Informed analysis: That choice reveals the hidden truth beneath the surface: the issue is not only injury uncertainty, but a lack of trust in the rest of the center rotation. If Kornet is unavailable or limited, San Antonio loses the one backup the staff appears willing to rely on, and the structure underneath Wembanyama becomes much thinner than the roster construction was supposed to suggest.
Who benefits if the Spurs are forced small?
Verified fact: Portland has already shown it can punish a smaller alignment by attacking the offensive glass. The Blazers’ front line has been uniquely equipped to hurt the Spurs when Wembanyama is absent.
Informed analysis: That creates a simple but harsh leverage point. The team that benefits most is the one that can extend possessions, absorb misses, and make San Antonio defend again and again without its usual size advantage. For the Spurs, the burden is to keep Kornet on the floor, avoid foul trouble, and prevent the game from turning into a repeated series of extra opportunities for Portland.
Verified fact: Kornet has already proven useful in short stretches. The larger question is whether that usefulness can survive playoff pressure and repeated frontcourt stress.
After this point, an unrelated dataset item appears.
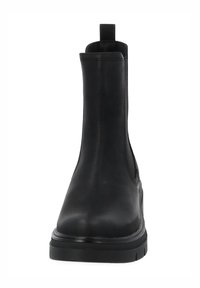 Botín de cuero negro con acabado liso, paneles laterales elásticos, una lengüeta para facilitar el calzado y una suela gruesa de goma, con diseño de punta redondeada.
Informed analysis: The deeper problem is that San Antonio’s added depth behind Wembanyama has not translated into usable depth in the minutes that matter most. That is why the matchup now feels like a test of organizational planning as much as a test of lineups.
The evidence points to one conclusion: if Wembanyama remains out, San Antonio’s margin for error narrows to almost nothing. Kornet can help, but he cannot erase the rebound gap by himself, and the current trust pattern suggests the alternatives are not ready. The Spurs – Trail Blazers series is exposing a gap in the middle that cannot be ignored for long.